Strutturato per blocchi narrativi separati da brevi blackout, Orphans è una vera e propria discesa all’inferno, dove ogni ulteriore gradino avvicina i personaggi agli abissi più oscuri delle loro anime. Ma è anche l’opera di uno scrittore inglese, pertanto non può essere esente da sprazzi di gelido umorismo british, utili ad accentuare ancora di più il clima straniante che si respira in scena.

La versione milanese è diretta da Luca Ligato e messa in scena dalla compagnia Alraune Teatro. Dario Merlini, nel ruolo di Danny, è un credibile everyman costretto dagli eventi a riconoscere la fragilità delle sue certezze. Alice Redini, nei panni di Helen, ha la sottile ambiguità della donna tormentata che si sforza fino all’ultimo di mantenere le apparenze. E Umberto Terruso è un Liam capace di suscitare sentimenti che vanno dalla simpatia alla paura.

Gli attori si muovono all’interno di una scenografia dal minimalismo estremo, dove il vuoto domina sul pieno e i colori sono ridotti al bianco e al nero: perfetta metafora dell’universo narrativo freddo e ostile nel quale sono confinati i personaggi.

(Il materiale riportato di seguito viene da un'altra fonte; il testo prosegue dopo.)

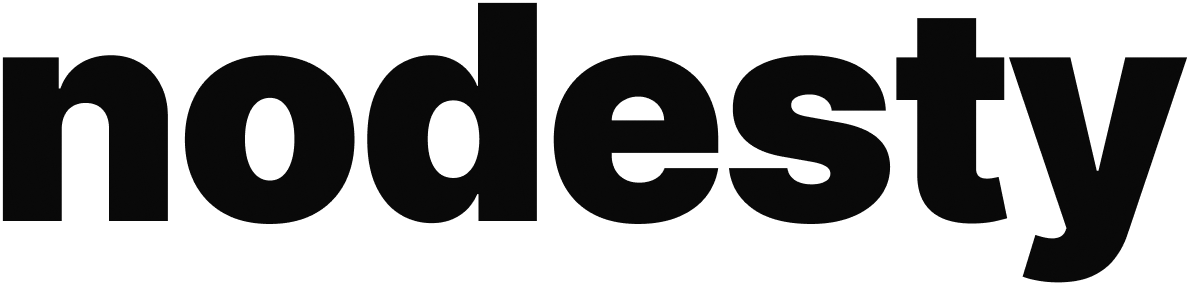 nodesty glass logo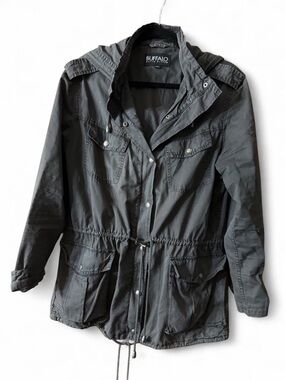 Buffalo David Bitton Charcoal Utility Jacket for Women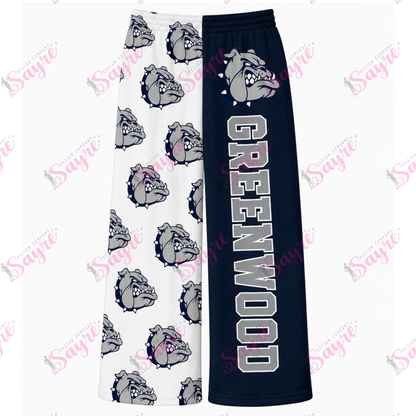 YOUTH Custom Any Print Knitted Ribbed Wide Leg Pants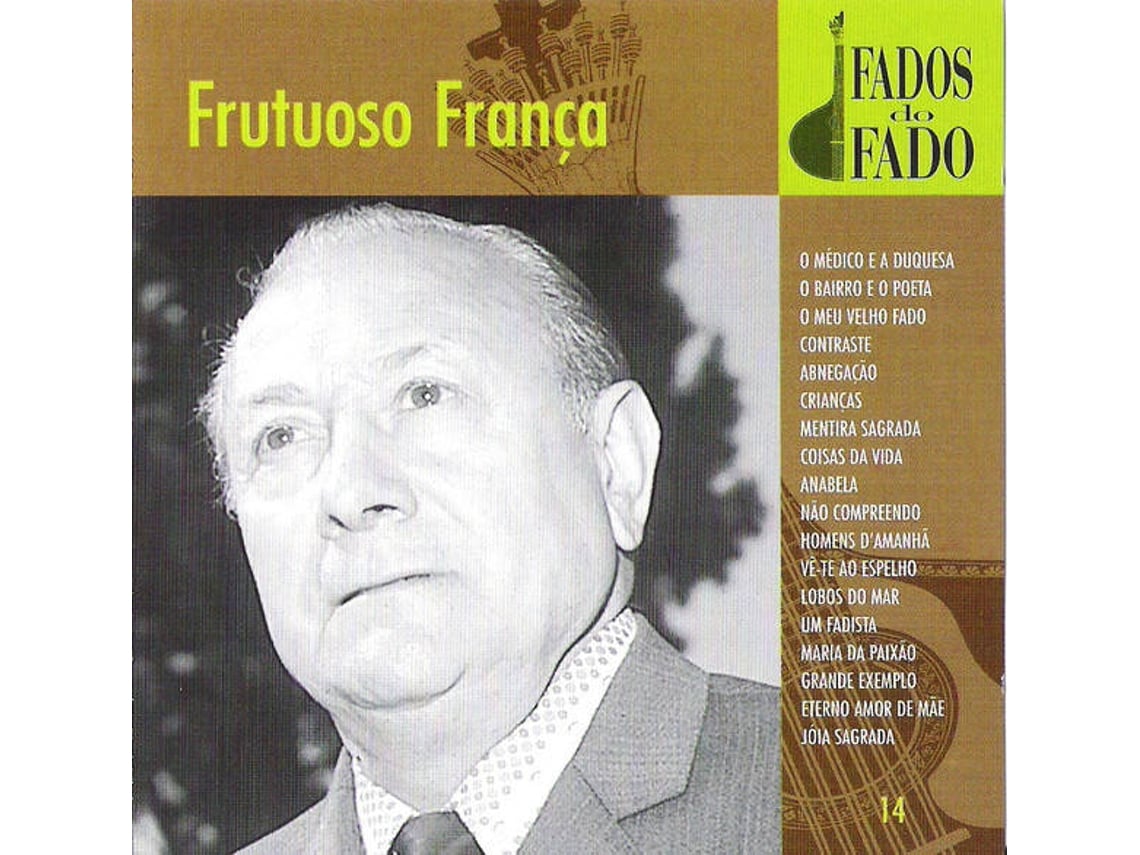CD Frutuoso França - Fados Do Fado (1CDs)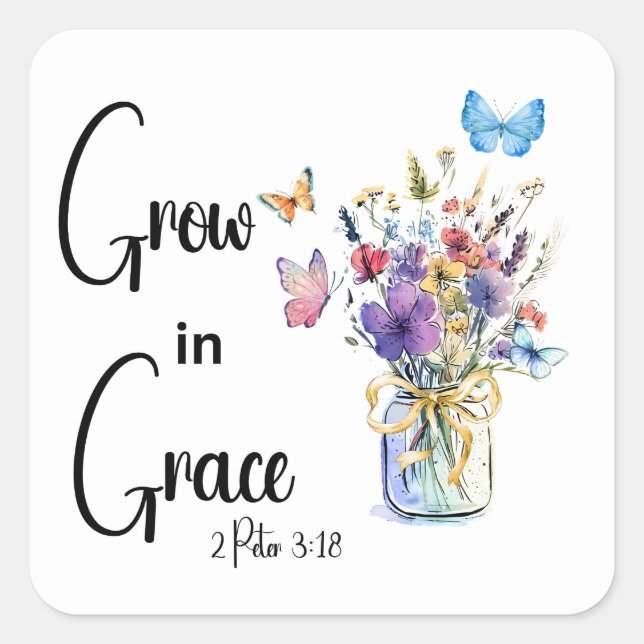 Gud är Bra Fyrkantigt Klistermärke (Framsida)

A questo punto vi starete chiedendo qual è il senso del titolo. Non rivelo nulla di decisivo ai fini della trama se dico che gli orfani sono Helen e Liam, cresciuti senza genitori. Ma la verità è che prima di arrivare all’epilogo tutti i protagonisti saranno orfani: di se stessi.

Se volete saperne di più, andate a teatro. Orphans è in cartellone fino al 18 aprile.